Input [batch, seq_len, embed_dim]
      |
      v
+-----------------------+
| Input Projection      |
+-----------------------+
      |
      v
+-----------------------+
| Hyena Block x N       |
|  ShortConv(input)     |
|  Split: v, x1, x2    |
|  y = v                |
|  y = LongConv(y)*x1   |  <- Implicit filter via MLP
|  y = LongConv(y)*x2   |
|  OutProj + Residual   |
|  FFN                  |
+-----------------------+
      |
      v
[batch, hidden_size]    (last timestep)

Complexity

OperationAttentionHyena
TrainingO(L^2)O(L log L) via FFT
InferenceO(L^2)O(L) with recurrence

Usage

model = Hyena.build(
  embed_dim: 287,
  hidden_size: 256,
  order: 2,
  filter_size: 64,
  num_layers: 4
)

Reference

Summary

Types

Options for build/1.

Functions

Build a Hyena model for sequence processing.
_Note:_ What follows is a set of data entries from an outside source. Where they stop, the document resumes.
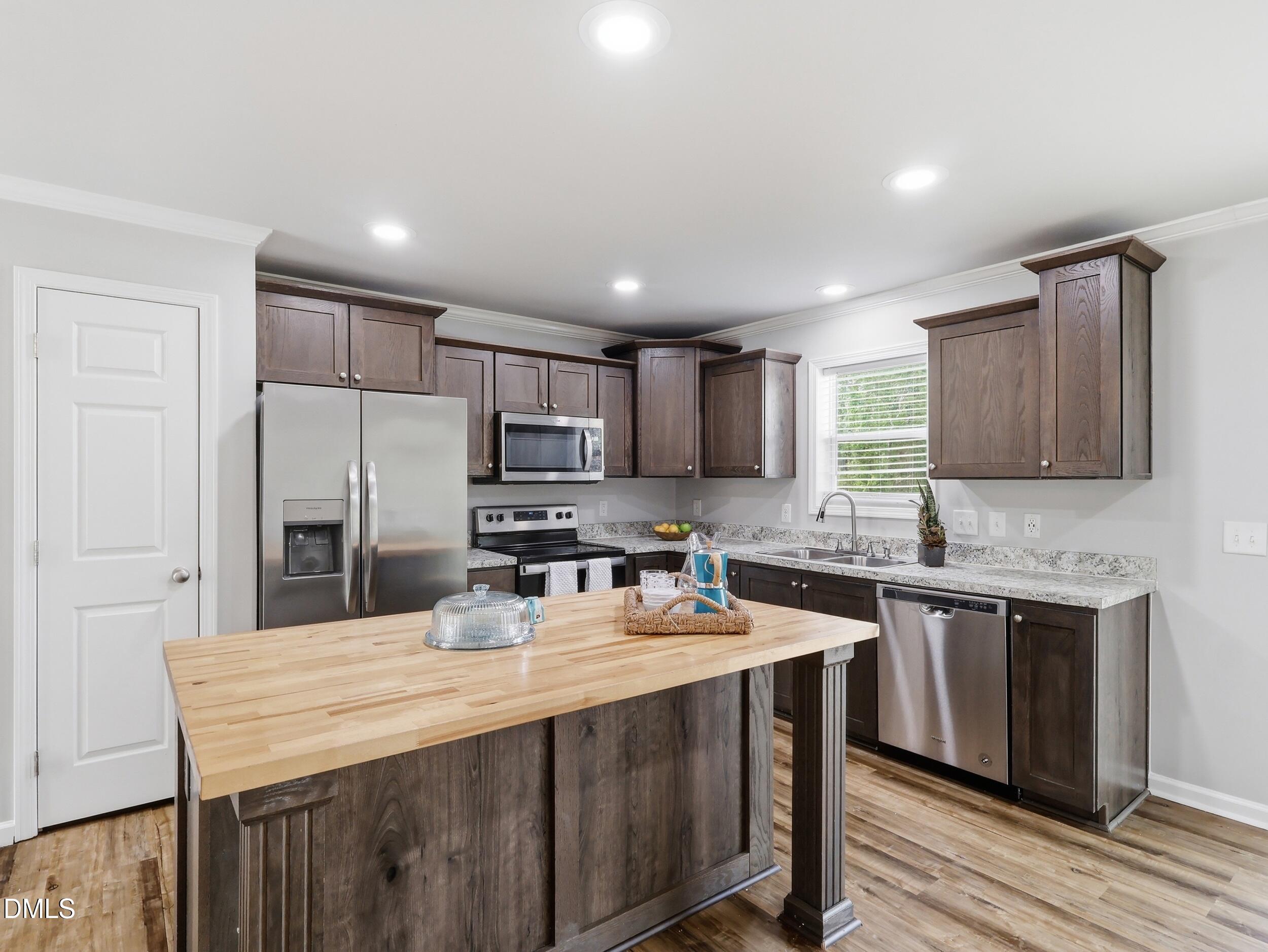 3003 Dogwood Drive Raleigh, NC 27604 - Photo 6 of 25 7_img_9457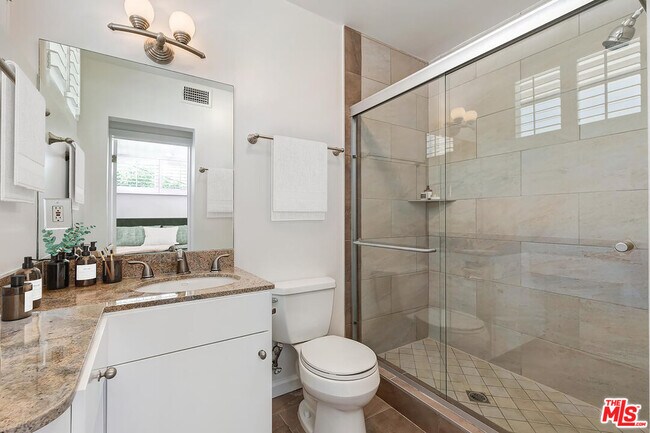 Building Photo - 609 N Doheny Dr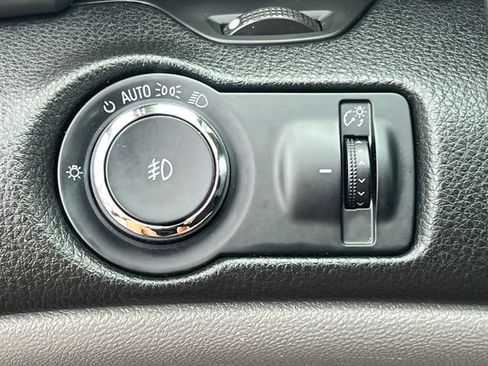Used 2013 Chevrolet Malibu LT FWD image 18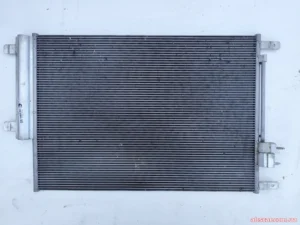 Радіатор кондиціонера Jeep Compass 23-26 2.0T 68494833AA, MR470773
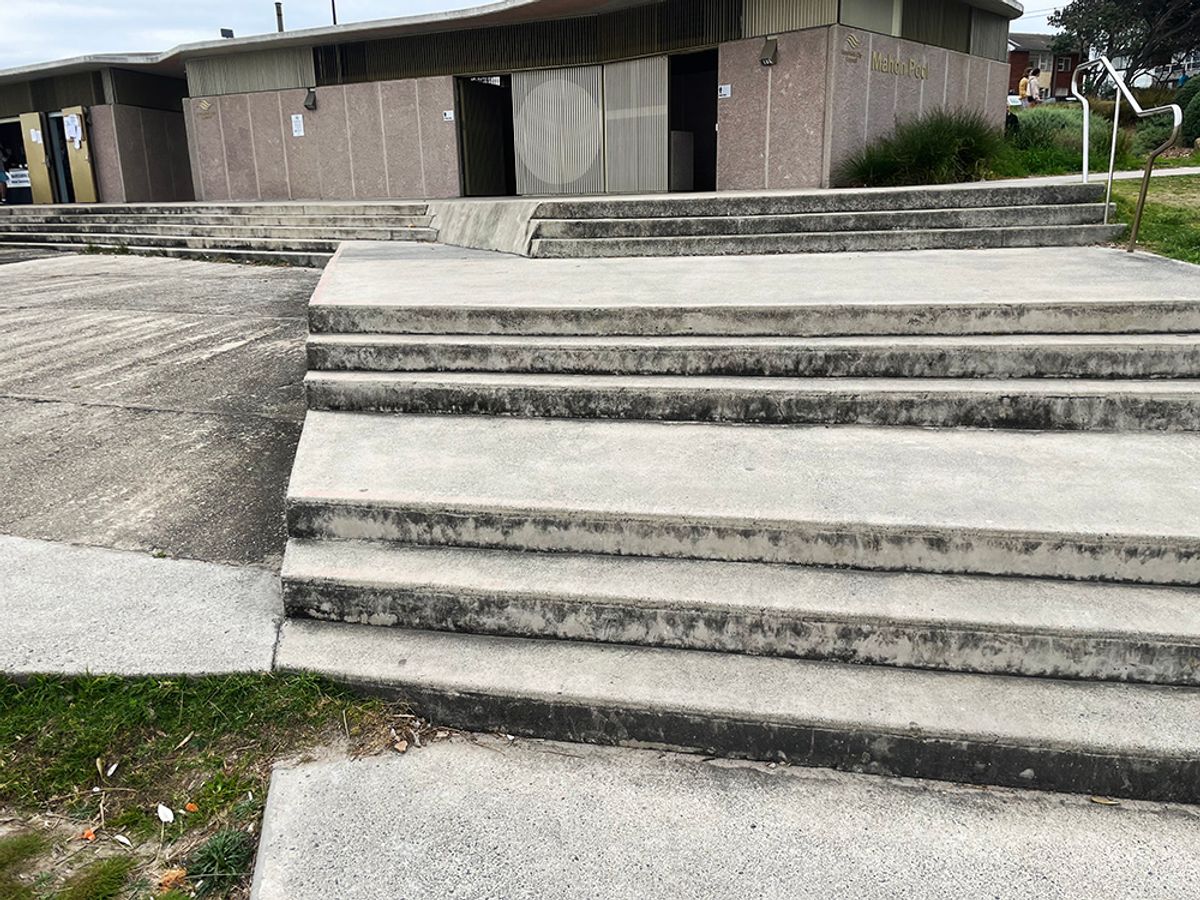 Jack Vanny Stairs skate spot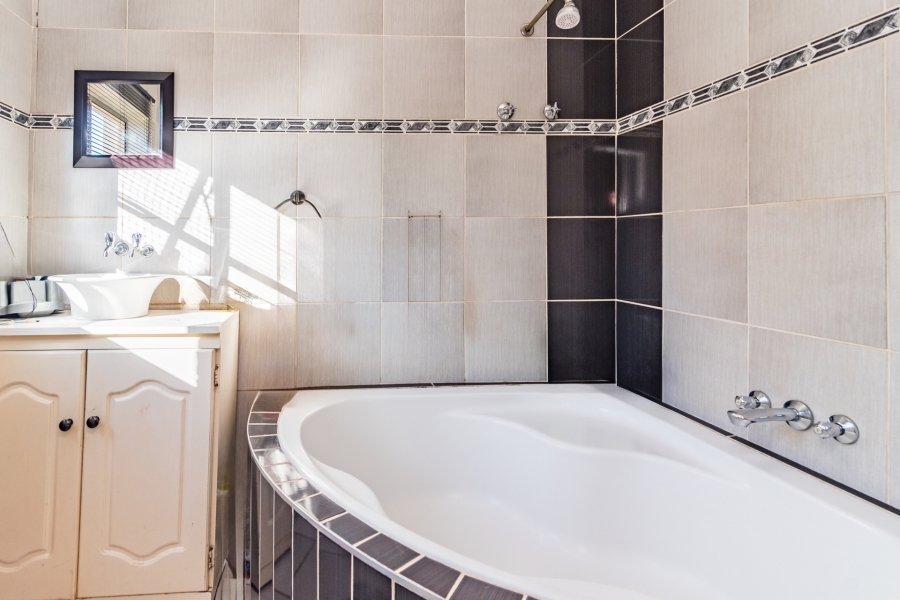 3 Bedroom Property for Sale in Delarey Gauteng
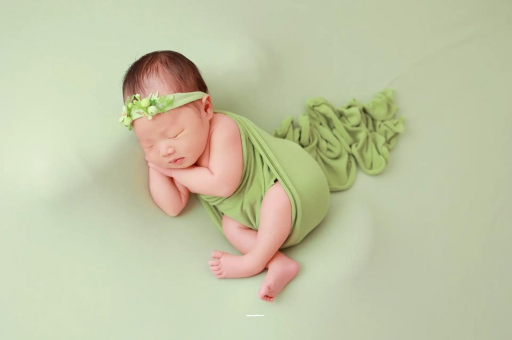 恩施宝宝在肚子里打嗝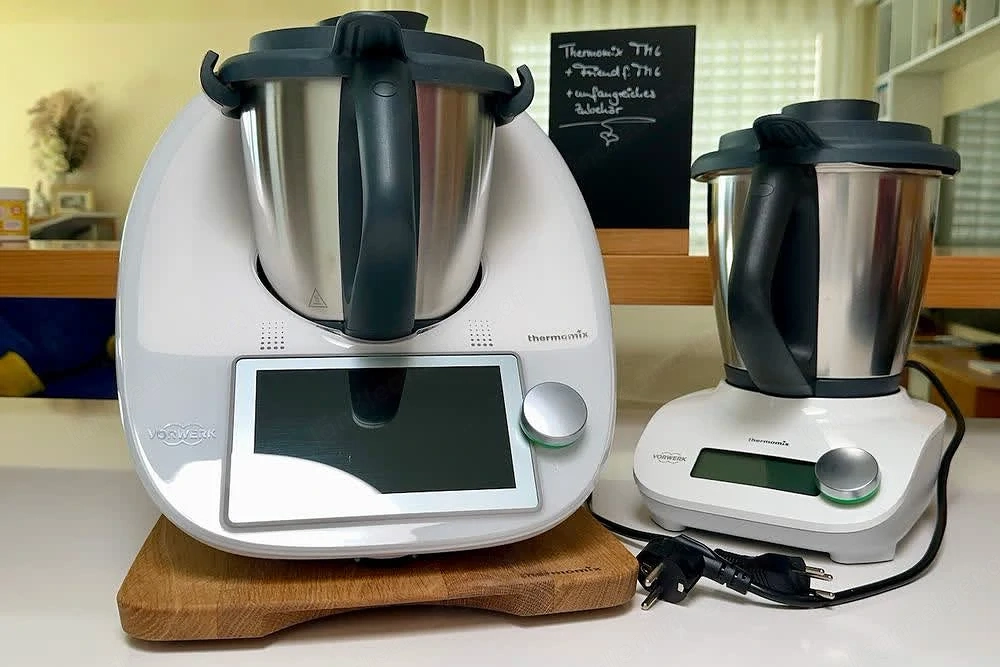 Thermomix TM6 mit sehr viel zusätzlichem Zubehör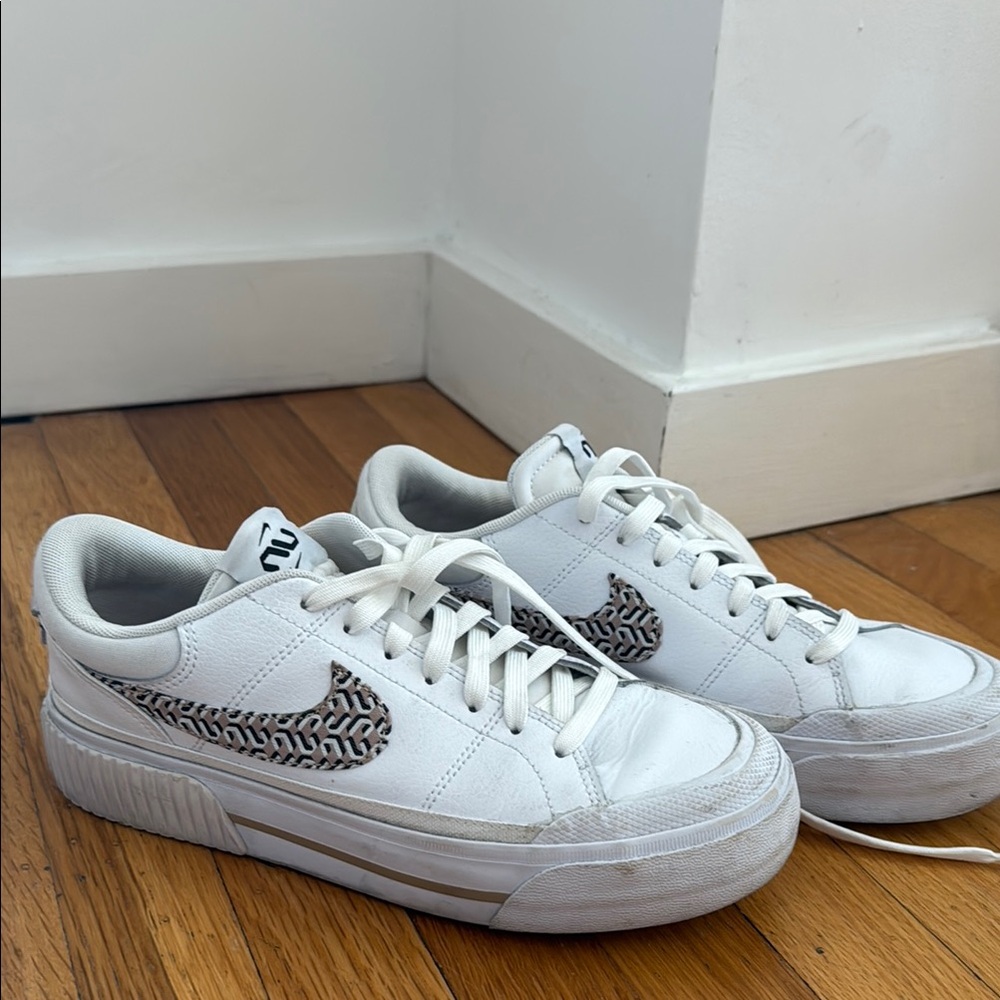 Nike Women's White Sneakers with Black Pattern
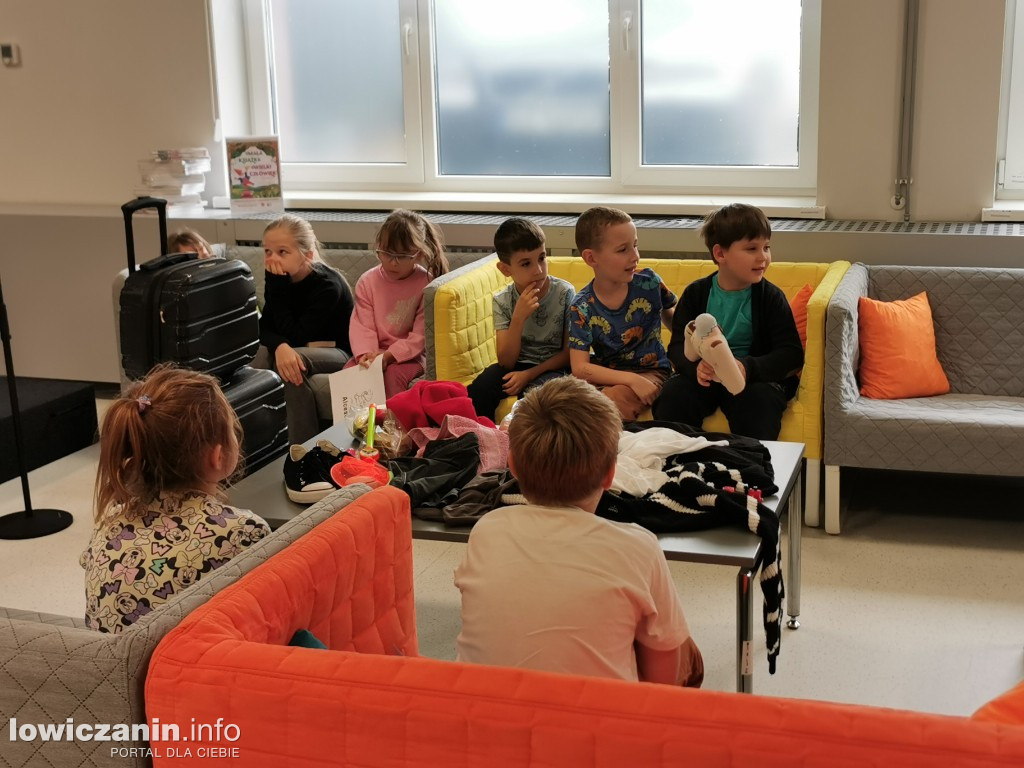 Czytanie w Miejskiej Bibliotece w Łowiczu
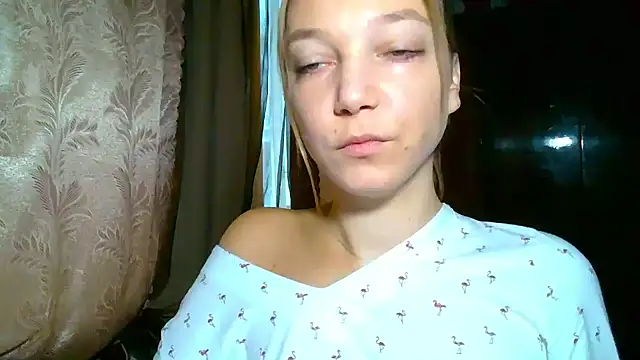 EmillyPlay online show from 12/01/25, 06:51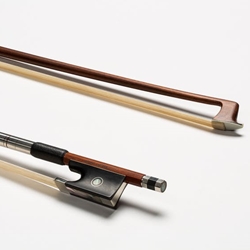 BL80B Violin Bow (3/4, pernambuco) . Eastman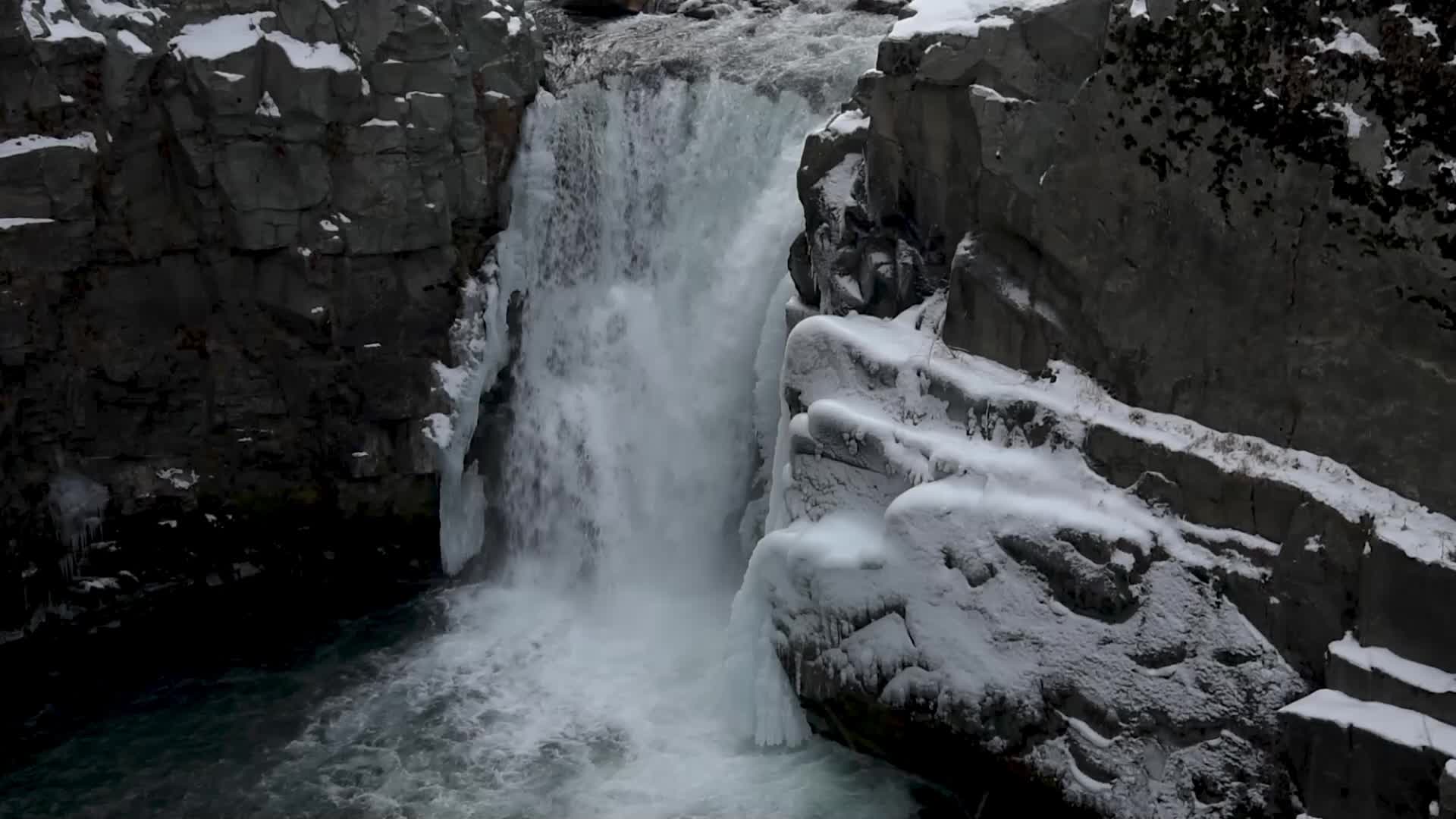 Aharbal waterfall in Kashmir, India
Build a single Hyena block with implicit long convolution and gating.

Get the output size of a Hyena model.

Calculate approximate parameter count for a Hyena model.

Get recommended defaults.

Types

build_opt()

@type build_opt() ::
  {:dropout, float()}
  | {:embed_dim, pos_integer()}
  | {:filter_size, pos_integer()}
  | {:hidden_size, pos_integer()}
  | {:num_layers, pos_integer()}
  | {:order, pos_integer()}
  | {:seq_len, pos_integer()}
  | {:window_size, pos_integer()}

Options for build/1.

Functions

build(opts \\ [])

@spec build([build_opt()]) :: Axon.t()

Build a Hyena model for sequence processing.

Options

  • :embed_dim - Size of input embedding per frame (required)
  • :hidden_size - Internal hidden dimension (default: 256)
  • :order - Number of gating levels (default: 2)
  • :filter_size - Implicit filter MLP hidden size (default: 64)
  • :num_layers - Number of Hyena blocks (default: 4)
  • :dropout - Dropout rate (default: 0.1)
  • :window_size - Expected sequence length (default: 60)

Returns

An Axon model that outputs [batch, hidden_size] from the last position.

build_hyena_block(input, opts)

@spec build_hyena_block(
  Axon.t(),
  keyword()
) :: Axon.t()

Build a single Hyena block with implicit long convolution and gating.

output_size(opts \\ [])

@spec output_size(keyword()) :: non_neg_integer()

Get the output size of a Hyena model.

param_count(opts)

@spec param_count(keyword()) :: non_neg_integer()

Calculate approximate parameter count for a Hyena model.